My passion is being in the outdoors, hunting, fishing and I'll never get enough time in doing it. I love hunting and my hope is that it will continue to be around for my time here on Earth and for future generations. I'm thankful for this blog and for the other media out there that helps keep my enthusiasm jazzed up for the next hunt or trip planned in my year. Thanks Mike for your hard work putting out this blog and for the others here on the blog.
Do the Antis not "kill" their lettuce, tomatoes, carrots, and other vegetables when they eat their salads? Don't all those plants die as well?
I'm tired of having to sugar coat it as well.
That being said, I wouldn't fault someone for using the term "harvest". I believe this term to have come out of the new era of management where hunters plant food plots, set up trail cameras, and routinely "pass" small bucks. Many of us talk about growing big deer don't we? After planting food plots for the deer, getting hundreds of trail cam pics, and passing on the buck twice before you "shoot" and "kill" the deer, it seems more like we are harvesting the deer. The term does sound quite PC, that's why I don't use it. However, I personally think some of the terms Mike mentioned are more offensive for the opposite reason. Whacked, Nailed, Busted. Many of these terms border on disrespect, like you just hit a melon with a baseball bat just for fun. I kinda cringe when I hear a snaggle-tooth redneck walk up to the check station and say "Man, I whacked 'em and stacked 'em today!".
Shot, Arrowed, Killed. Those are the terms I'm sticking with.

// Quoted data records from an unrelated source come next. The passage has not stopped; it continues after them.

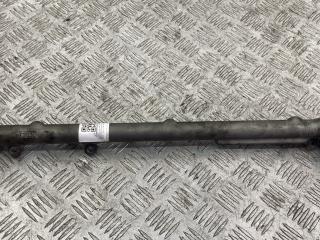 топливная рампа BMW 7 серия E65/E66/E67 [рестайлинг] E66 2007, 3.0 л., M57 D30 (306D3), дизель, АКПП, titansilber metallic (354), седан, задний привод, правый руль, 7795514, 13537795514, 0281002738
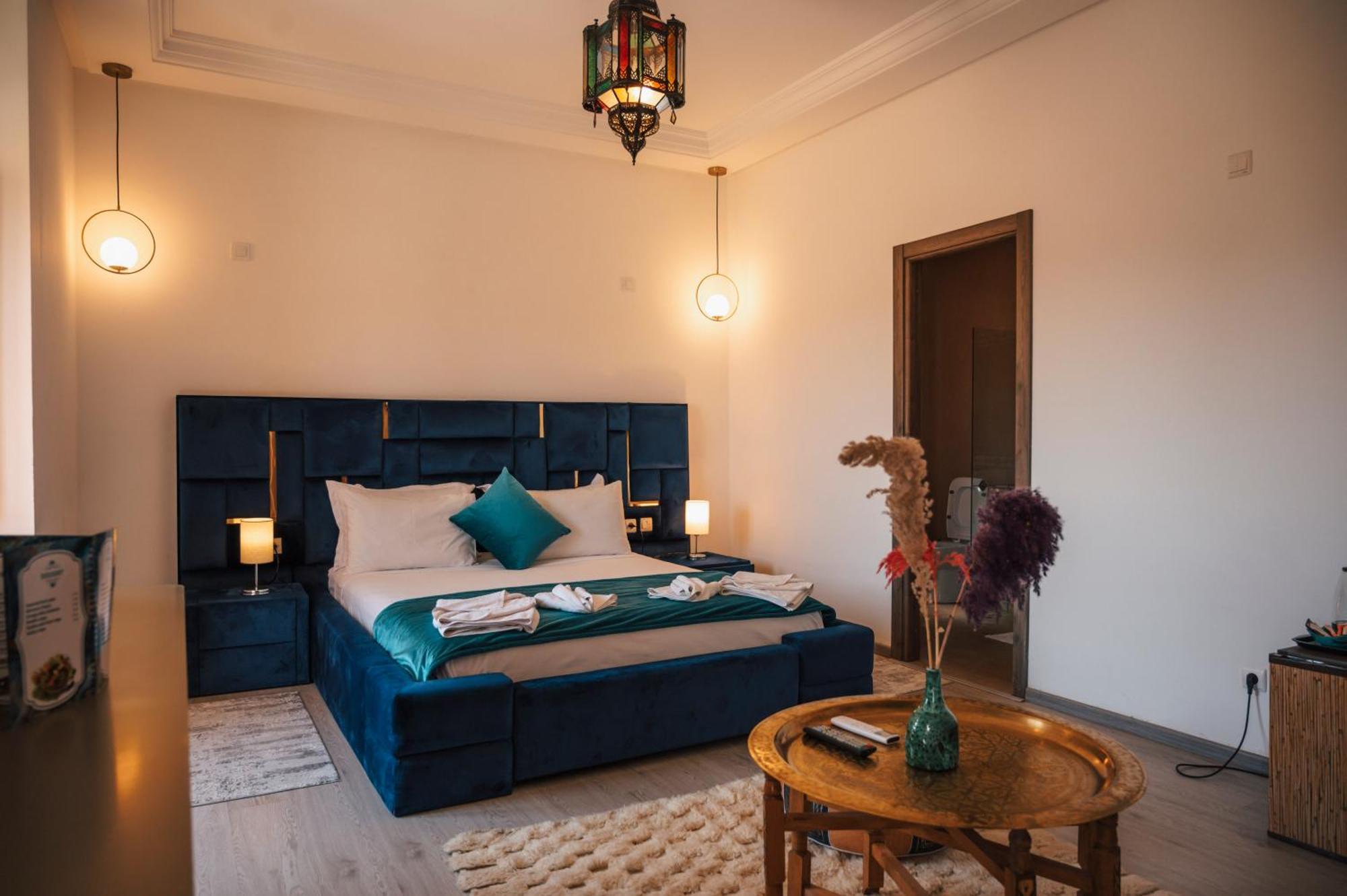 Riad Kenza Marrakesch Exterior foto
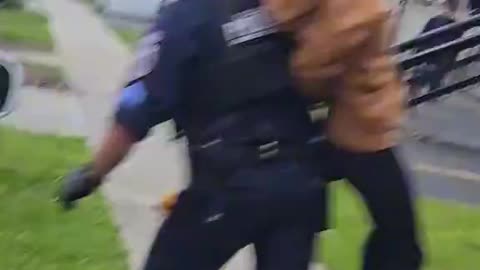 2 women flee police, hide in stranger’s home, refuse to leave - hilarious extraction follows.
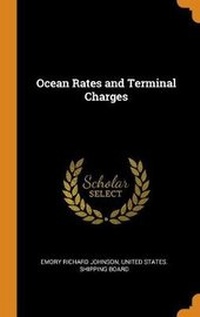 Enlarge image Cover: Ocean Rates and Terminal Charges - Franklin Classics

The word "harvest" isn't just a politically correct word and my hope is not to confuse or offend anyone between using the words kill or harvest. Use either word in the way of deer hunting and you are not offending me. The word harvest in the way of usage isn't limited to agricultural crops. Medical people speak of harvesting healthy organs or tissues for the purpose of transplanting. In arid regions, people speak of harvesting water - collecting rainwater for irrigation. We hear people speak of harvesting renewable energy - capturing and storing solar, wind and geothermal energy. Foresters talk about harvesting timber and the need to provide a sustainable yield. We harvest renewable resources. Jesus used the word harvest in John 4:35 when he said "Do you not say, 'Four months more and then the harvest'? I tell you, open your eyes and look at the fields! They are ripe for harvest."
If Jesus can use the word "harvest" to talk about people's souls, if doctors can harvest organs, if foresters can harvest trees, then hunters can talk about the annual harvest of game. I'm for using the word "harvest." Harvest implies something else that's positive to me. Harvest implies thankfulness. I'm thankful for the opportunity and privilege to hunt these awesome animals and to bring in the harvest.
Harvest to me does not say I'm killing a pen raised or farm raised deer on a high fenced property. To me that is a whole separate topic and I am no way using the word harvest to say I support that practice at all. More importantly my hope is that there are more important issues for us hunters to fight over and fight for like preserving our gun rights and preserving our heritage rights to hunt.
Cody
Doesn't strike me as an issue on which to dwell or for which to denounce our fellow hunters.